There's no metric to measure how often coaches or players work around NCAA rules or if they do at all. But there is a larger question of how transferring affects different schools. Duryea said mid-tier schools like Utah State are bleeding from both ends more than ever: Players who don't cut it might transfer to a smaller school, but players who are among the best in the league might wonder if they can thrive at a higher level. Graduate transfers, to some extent, have allowed many mid-major players to realize that goal at the expense of their former schools.
Collette left Utah State in 2015 days before the season began, leading to a clash with the Aggies that forced him sit out for a year.
While Duryea said he wouldn't comment on any specific player, he said developing talent only for that talent to leave has been frustrating for him as a coach.
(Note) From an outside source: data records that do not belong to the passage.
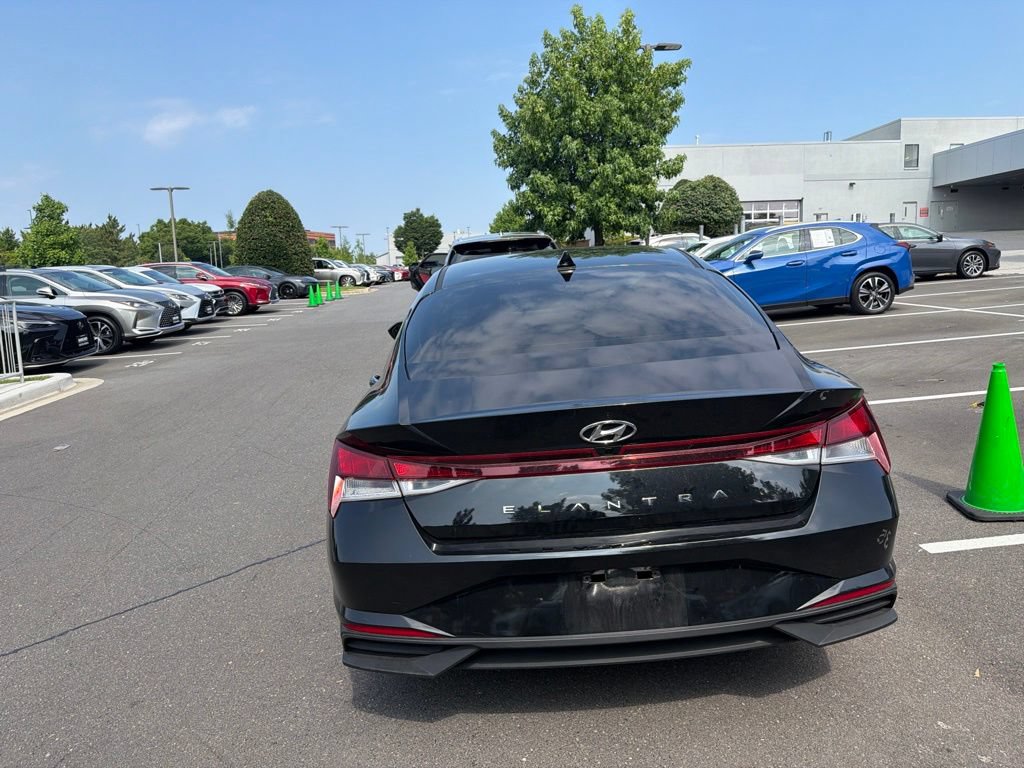 Used 2023 Hyundai Elantra SEL w/ Convenience Package FWD image 12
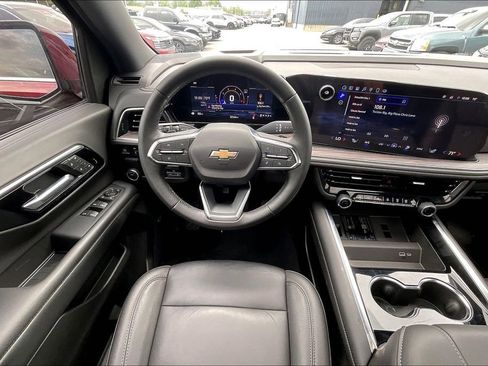 Used 2025 Chevrolet Tahoe LT w/ Comfort Package image 7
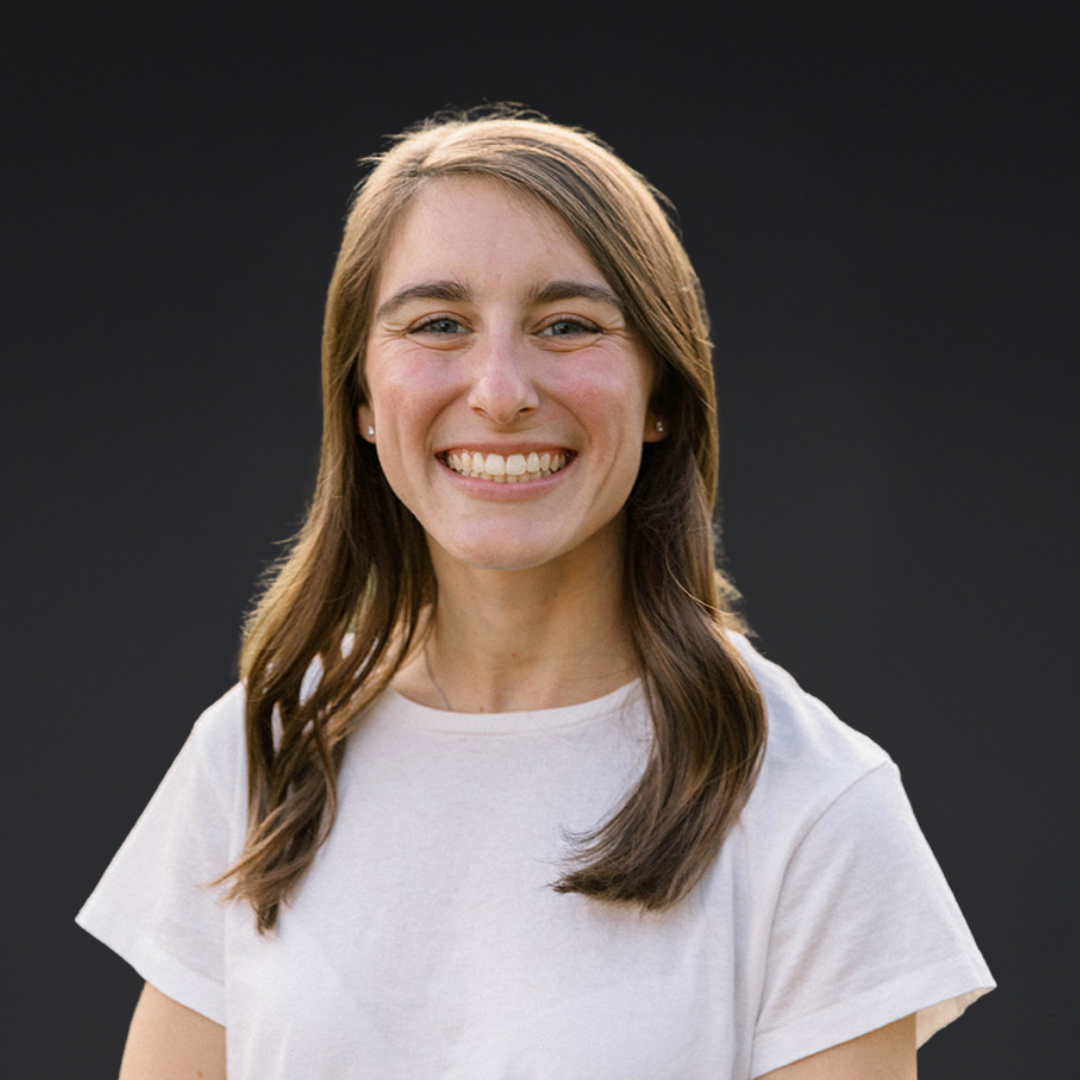 Gravitas Website Our Faculty Headshots Ali Meehan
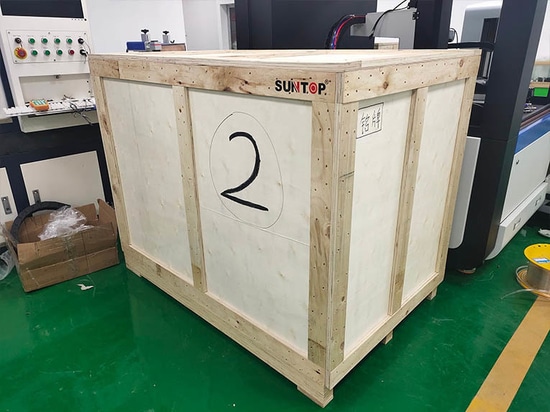 Cliente turco compra con éxito tres máquinas de soldadura láser portátiles Suntop, preparación de la entrega completada con éxito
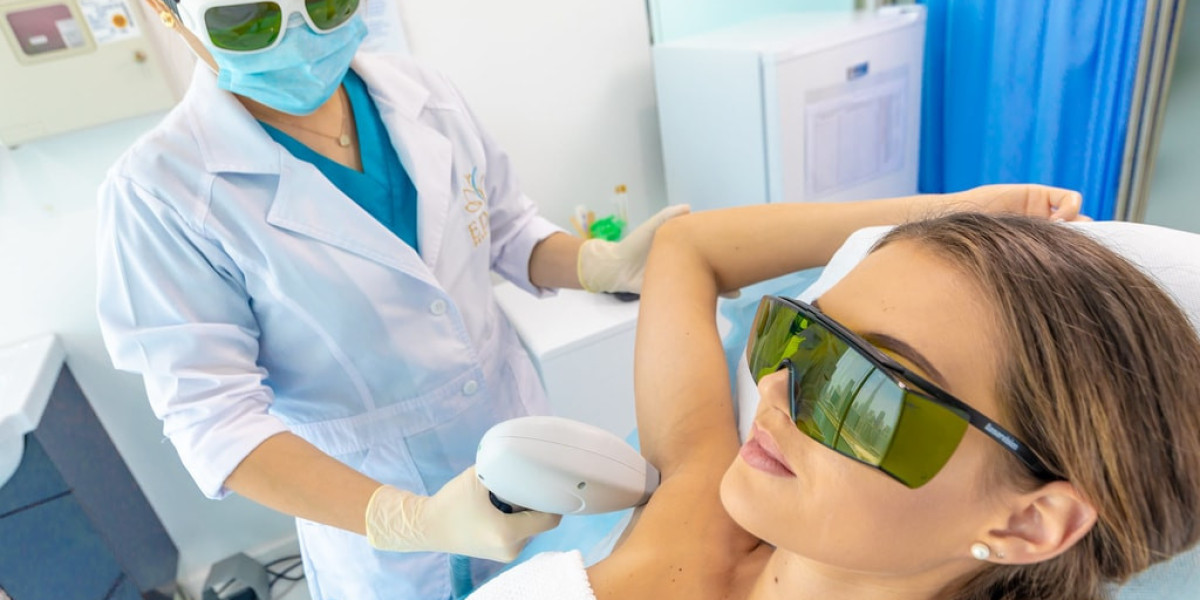 أفضل 10 عيادات لإزالة الشعر بالليزر في دبي لعام 2026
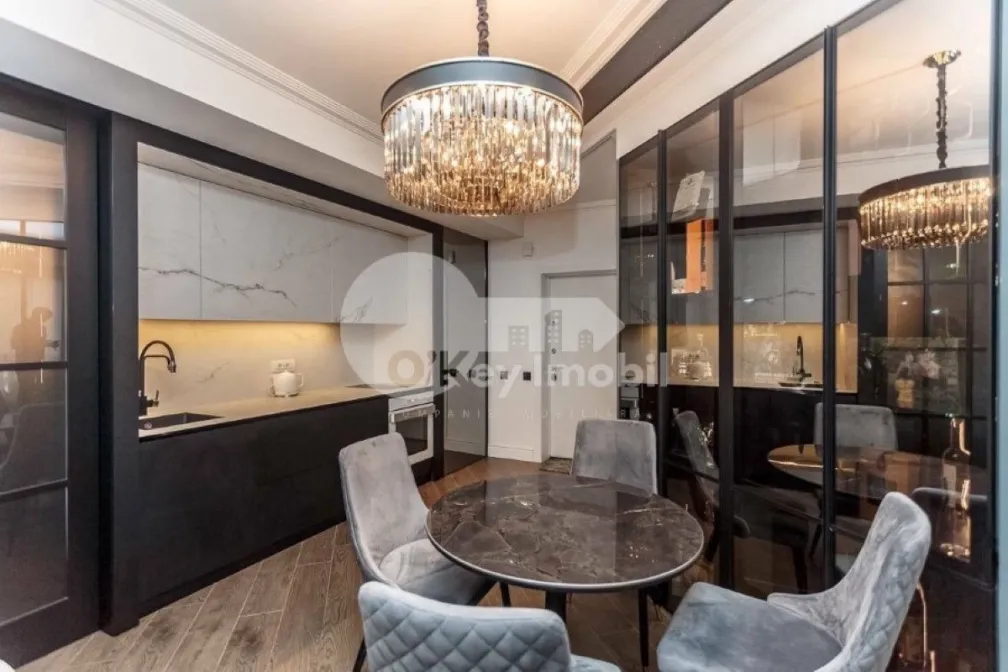 Apartament, Centru, MELESTIU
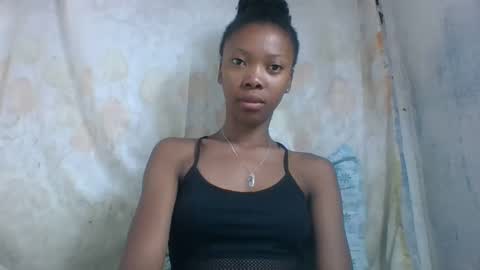 chariola0101 online show from February 2025 07:18:02 AM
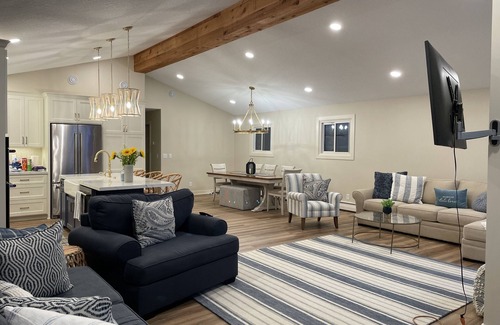 Mound House | Lake Minnetonka 5 Bedroom Stunner!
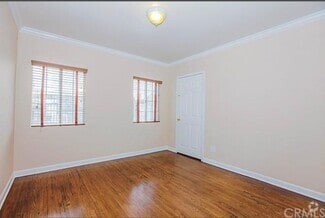 Building Photo - 1745 W 65th St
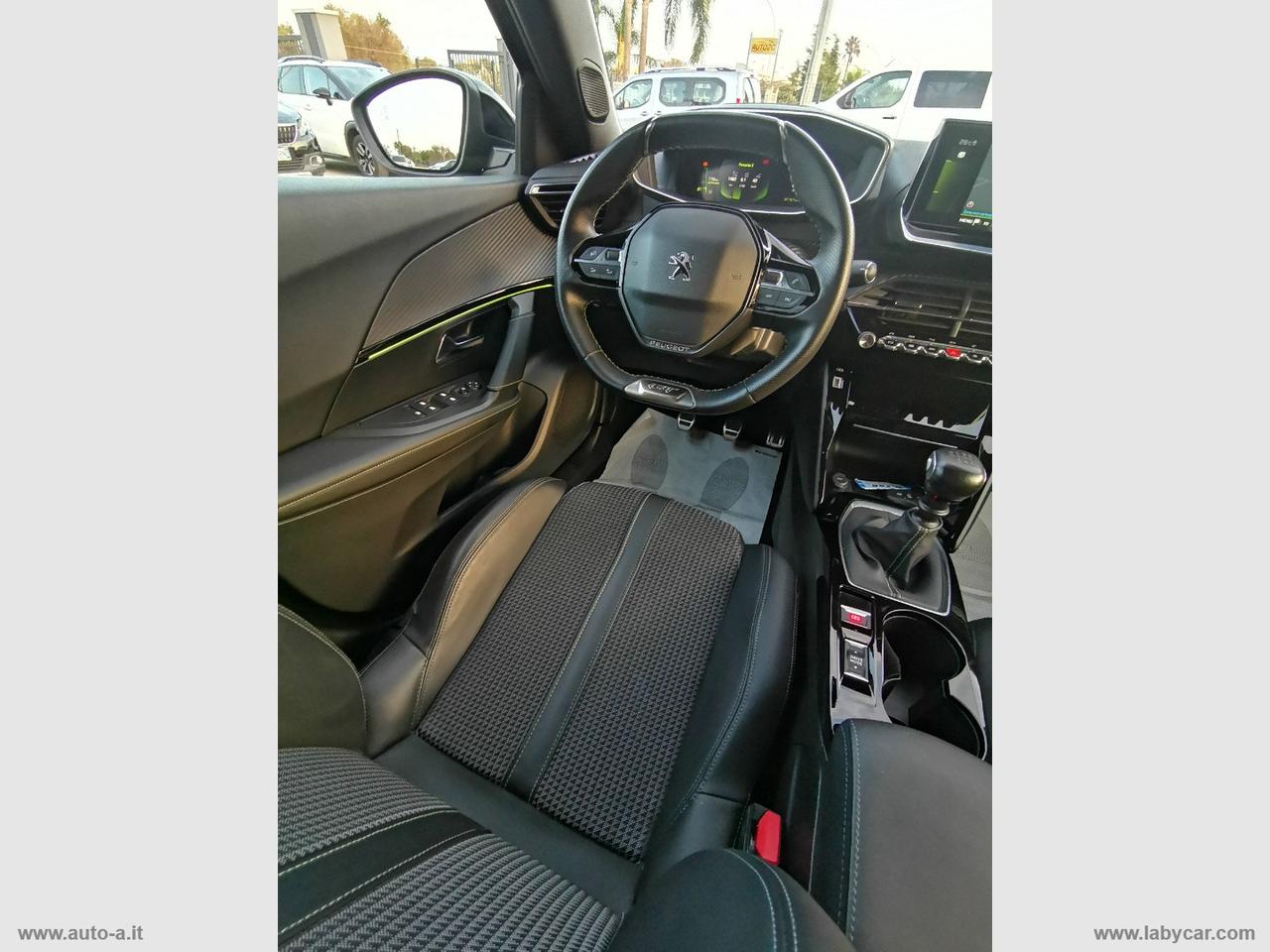PEUGEOT 2008 BlueHDi 110 S&S GT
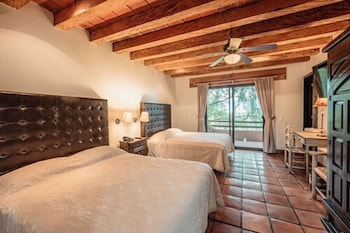 room-image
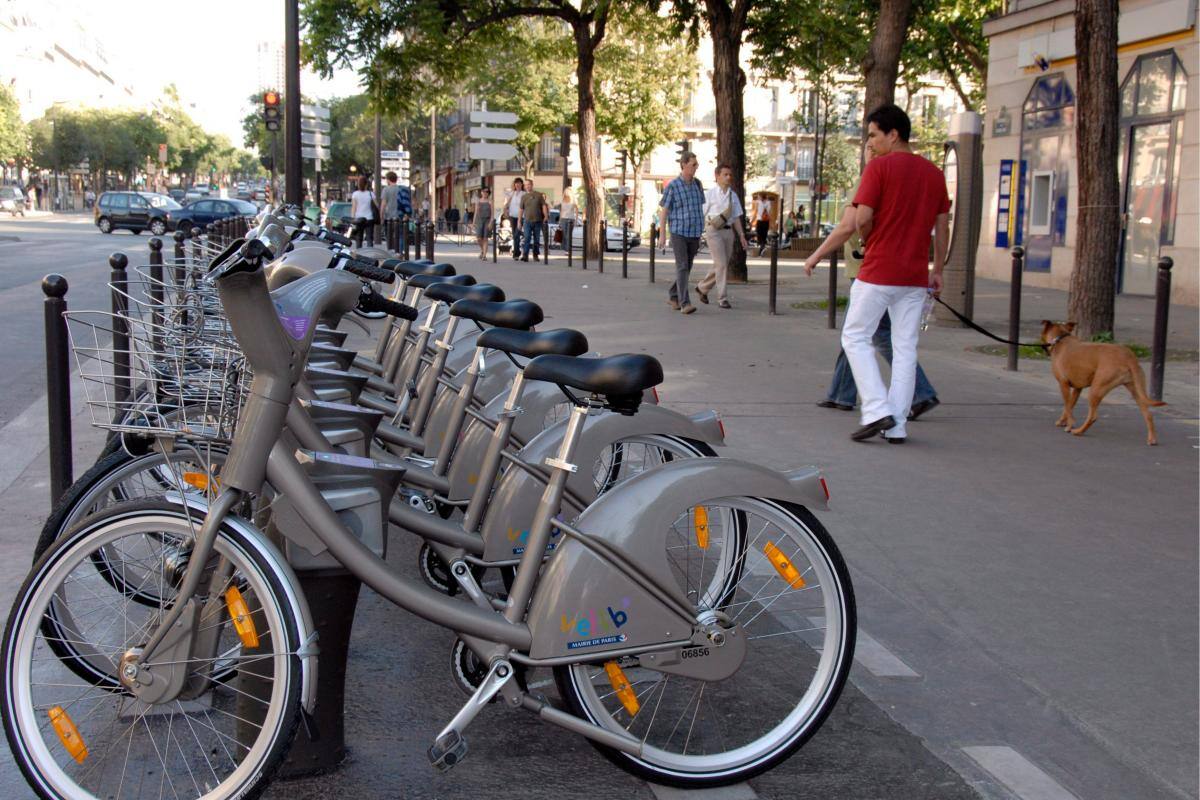 Francia invertirá 2.000 millones de euros para favorecer el uso de la bici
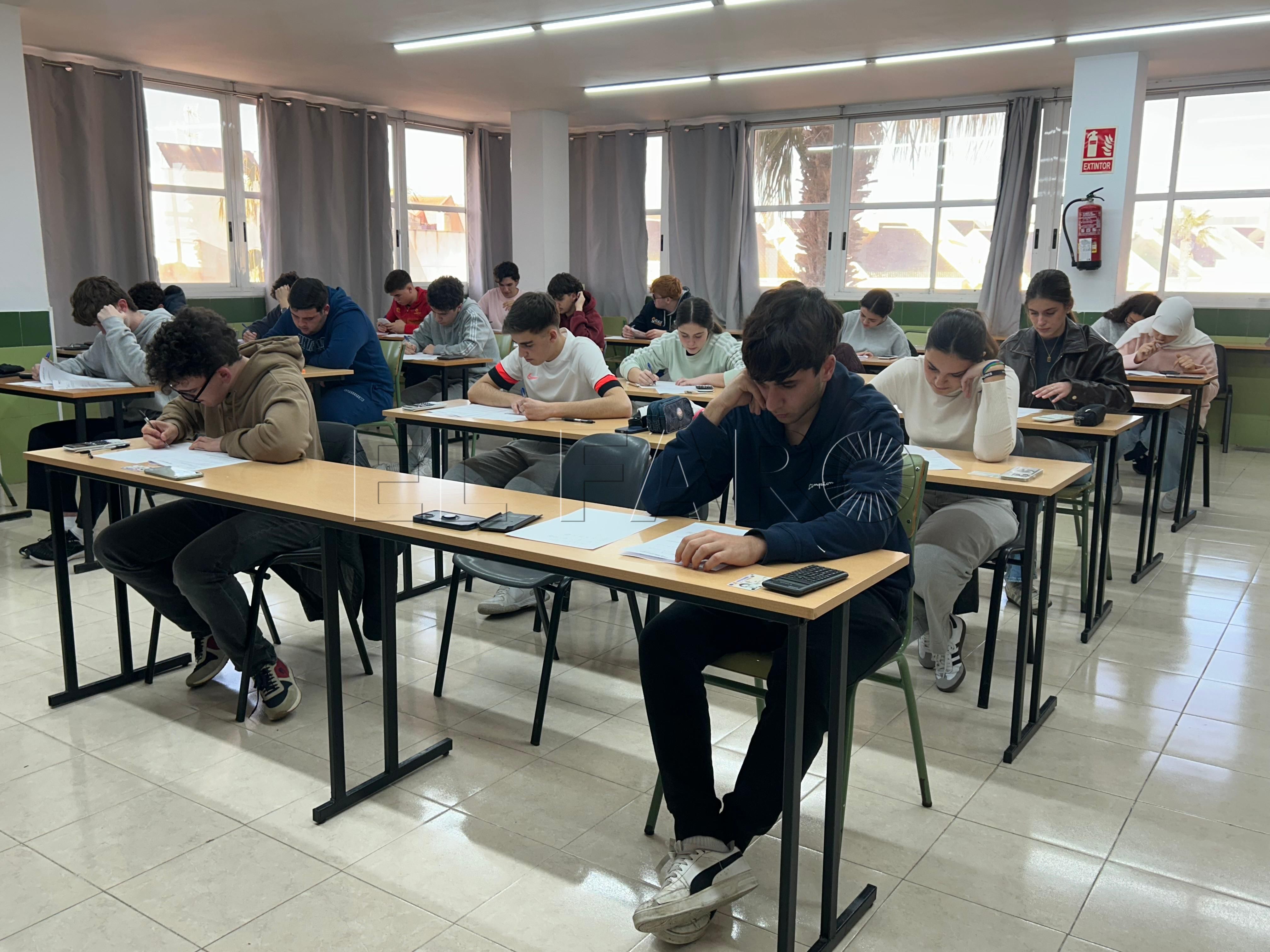 Arranca la fase local de las Olimpiadas de Física con más de 40 estudiantes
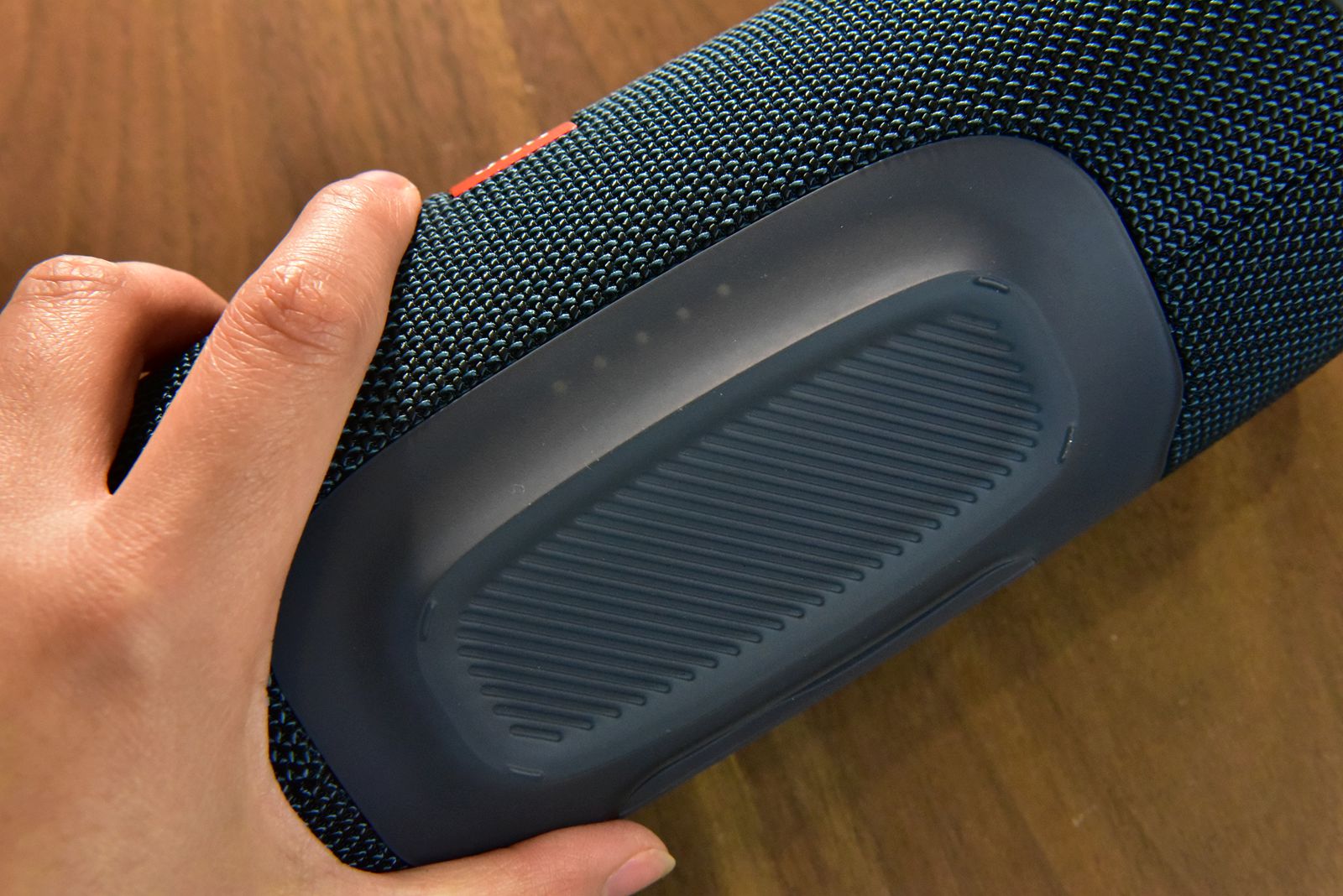 jbl冲击波4和冲击波5怎么选,jbl蓝牙音响低音为什么会这么强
"It's hard for any coach that has a player in his program that is doing well, you feel like the situation is set up perfectly and you've planned around them in your program," he said. "In some cases, you're not able to go out and immediately minimize the damage, and there's a regression that takes place. That's no fun for any coach, no matter how long you've been doing it."
Even for the coaches like Pope who seek out transfers, his goal is not to have a program full of them. He said he'd like more four-year players as his tenure goes on. While transfers always will be a part of the blueprint at UVU, four-year players will help establish continuity and culture.
Krystkowiak, in kind, wants to build around four-year players, but transfers might be an option for a team still with two open scholarships. He worries that the culture of youth basketball, which his own sons are a part of, is creating a template where players are incentivized to keep moving around. But he's not sure if there's a way to slow the trend down.
"I don't know where the legislation to change that lies because you don't want to take away the rights of young men, which is the way things in college sports are going," he said. "I don't know that it's something we can change."
Twitter: @kylegoon
Making moves
P More than 650 Division I players have transferred this year, according to Verbalcommits.com.
• Division I programs average roughly two outgoing transfers per year.
• Every Utah Division I program had at least one player who had been at another DI school the previous year.